Over the weekend, the rainy, rainy, weekend, Michele and I went to Point Reyes National Seashore with Richard and Tracy and Gina and Courtney. The timing worked perfectly. It only rained at night, the weather during the day was just turbulent enough to be interesting, and it was much warmer and comfortable than it photographed. The best of all possible worlds. On Saturday afternoon, we into the Park and followed a small stream down to McClures Beach where the storm driven waves put on a show for us.
I love Point Reyes: the connection with Nature, the feeling of edge-of-the-world desolation. Like Death Valley or the Sierra Nevada mountains above timberline, it is a huge landscape – with almost infinite sight-lines – that work best for me when I am out in it; walking.

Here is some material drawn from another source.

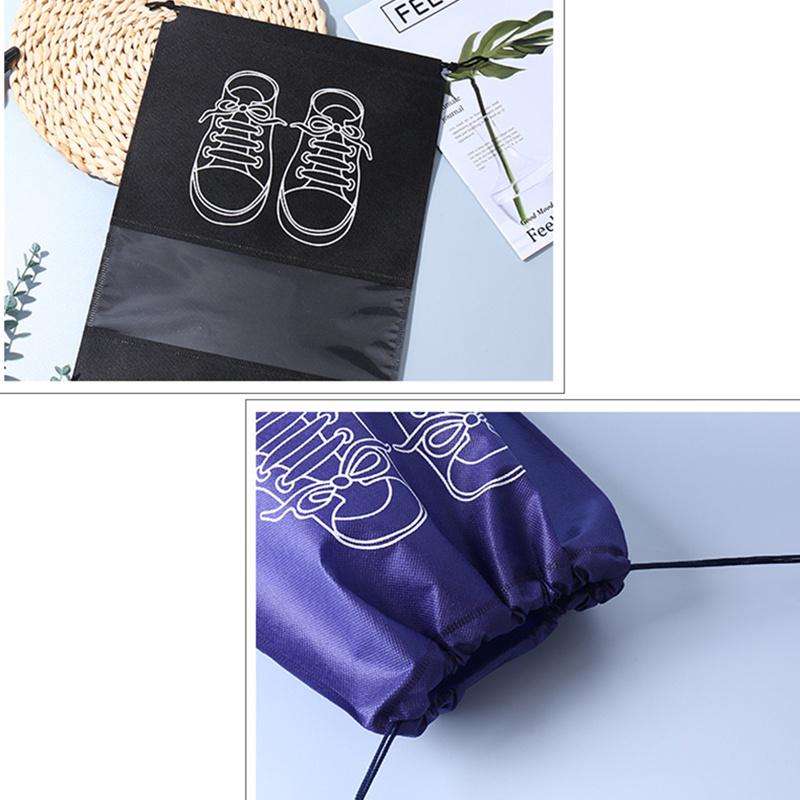5pcs Non-woven Shoes Bag Storage Bag with Drawstring Strap Mouth Shoes Storage Bag, Shoes Dustproof Bag, Travel Shoes Storage Bag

More years ago than I can remember, I read that the National Park Service was trying to incorporate some – for lack of a better descriptor – normal landscapes into the system. We think of the National Parks as saving the most spectacular parts of America, but, in reality, most of the National Parks are extreme areas because they are the areas that were left over. There are no National Parks in the Great Central Valley of California because it was filled with farms – very productive farms – pretty early in the western settlement cycle. (In May of 2010, on our way back from Death Valley National Park, we stopped at a small pocket of wilderness – Kern National Wildlife Refuge – that the Feds had reclaimed from the San Joaquin part of the Central Valley. It was spectacular – teaming with wildlife, mostly with birds laying over on their North-South migration – and a revelation. We consider the Central Valley the boring part of our trip when we go to the mountains or the desert and this little section of wild land was every bit as exciting as any National Park.)

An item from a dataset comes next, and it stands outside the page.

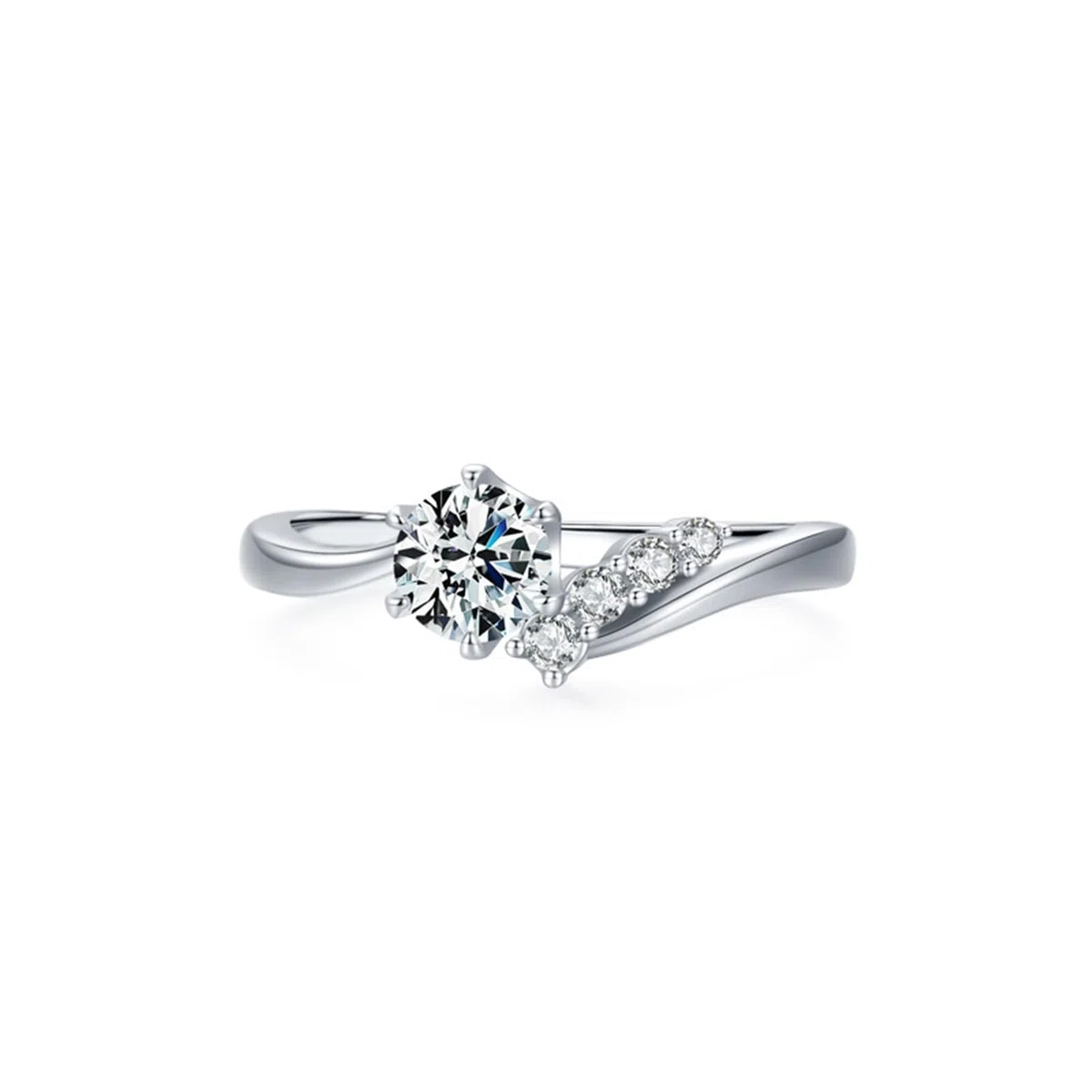 Anillo de compromiso de oro blanco, alianzas de oro auténtico, elegantes anillos de boda con diamante cultivado en laboratorio de 0,8 quilates para mujer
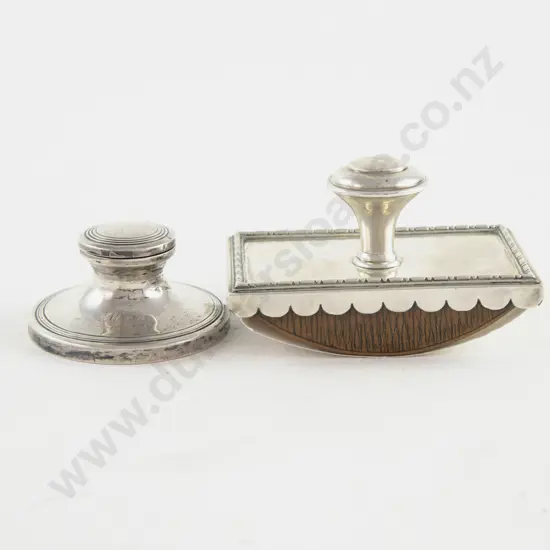 Edw VII S/S Ink Blotter & Small S/S Capstan Inkwell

Point Reyes is, in a way, reclaimed land but it was also only minimally used before it became a park. Yes, there were and still are farms, but they were always sort of hanging on farms with picturesque barns rather than rich working farms with industrial silos.

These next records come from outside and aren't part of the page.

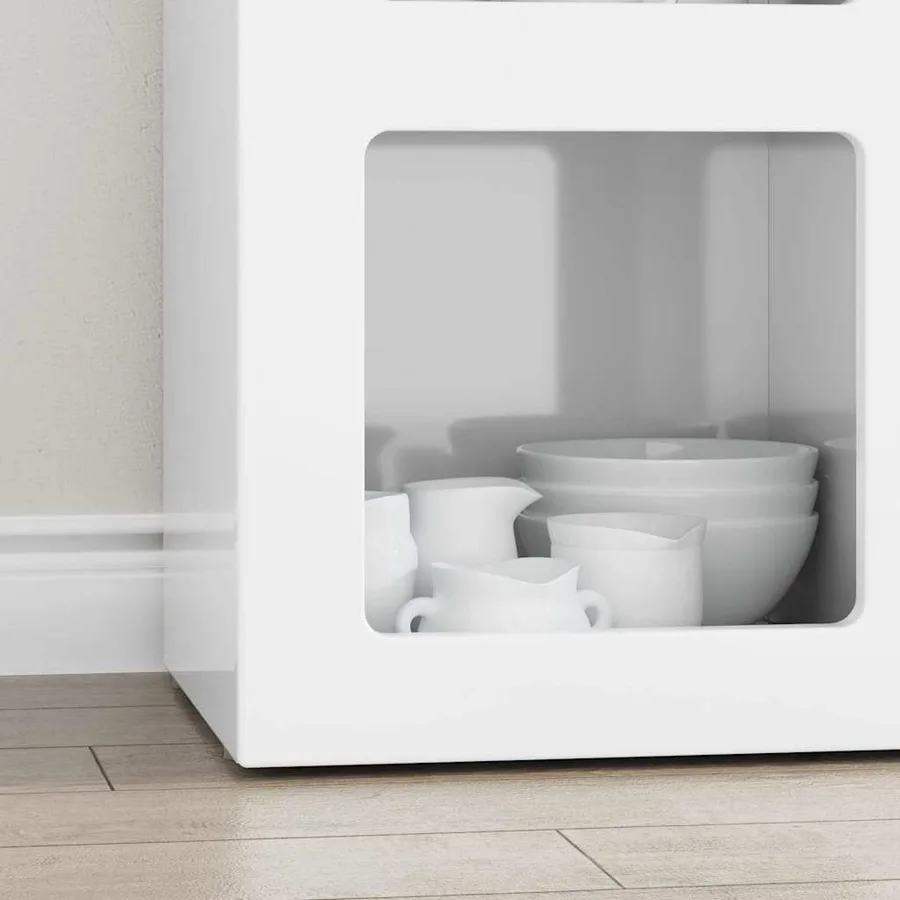 Buffet ELST Blanc brillant 59 x 35 x 80,5 cm Bois d'ingénierie - 5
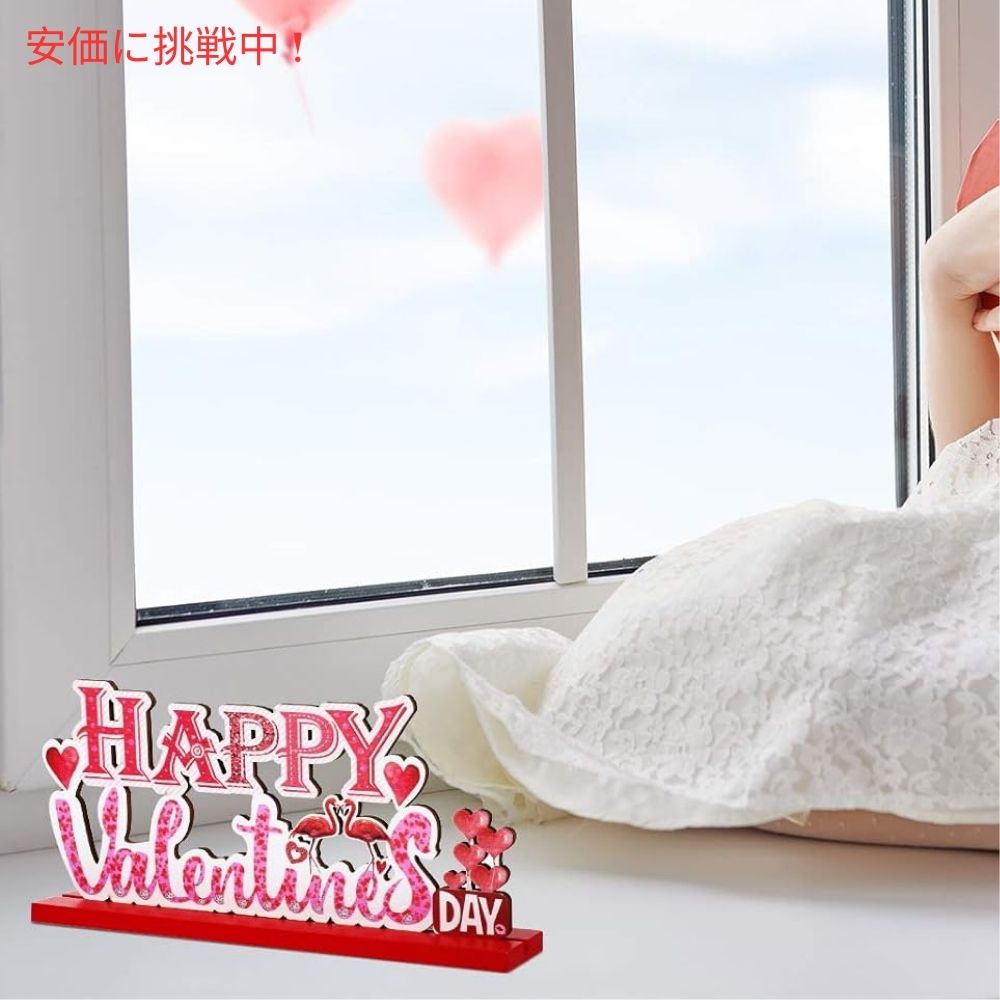 Sumind スミンド バレンタインデー用 木製サイン テーブル装飾 3個セット Valentine's Day Wooden Sign Table Decoration 3pcs 6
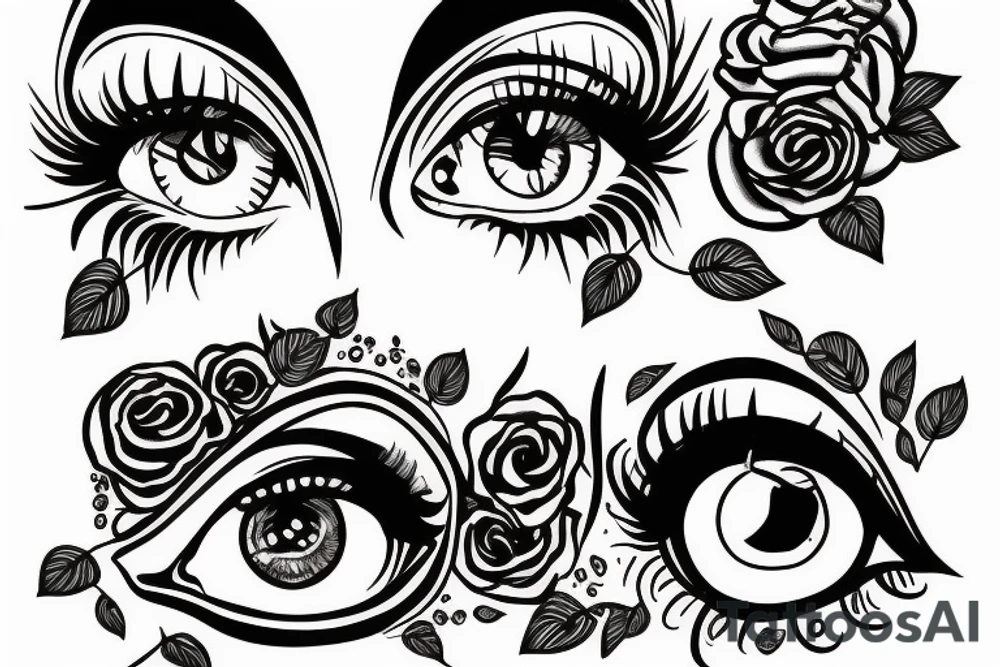 Black and white eye tattoo idea
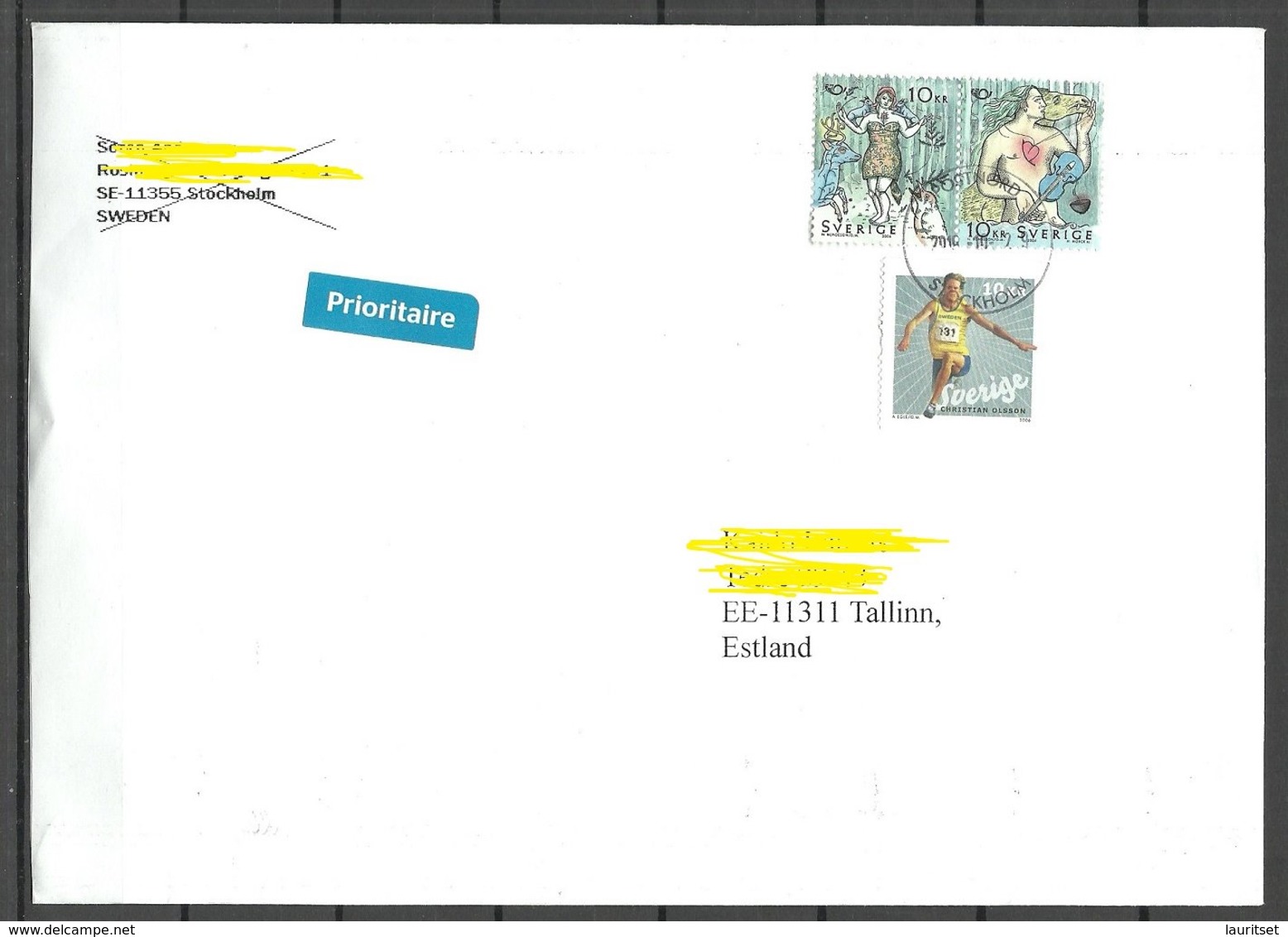 SCHWEDEN Sweden 2019 Air Mail Cover To Estonia Sport Ch. Olsson Etc - Cartas & Documentos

The barns seem more a part of Nature, a part of the Landscape, rather than cut off from it and, as the National Park Service lets more land revert to Wildness, the Wildness is taking center stage. With its walks and its views, with its openness and hidden intimacy, with its National Parkness, Point Reyes National Seashore has become a place to connect with Nature.
Beautiful shots, Steve…..really like the one of the stream with silhouettes of gulls and tiny people, great sense of scale.
Thanks, Kirk. How about doing a guest stint?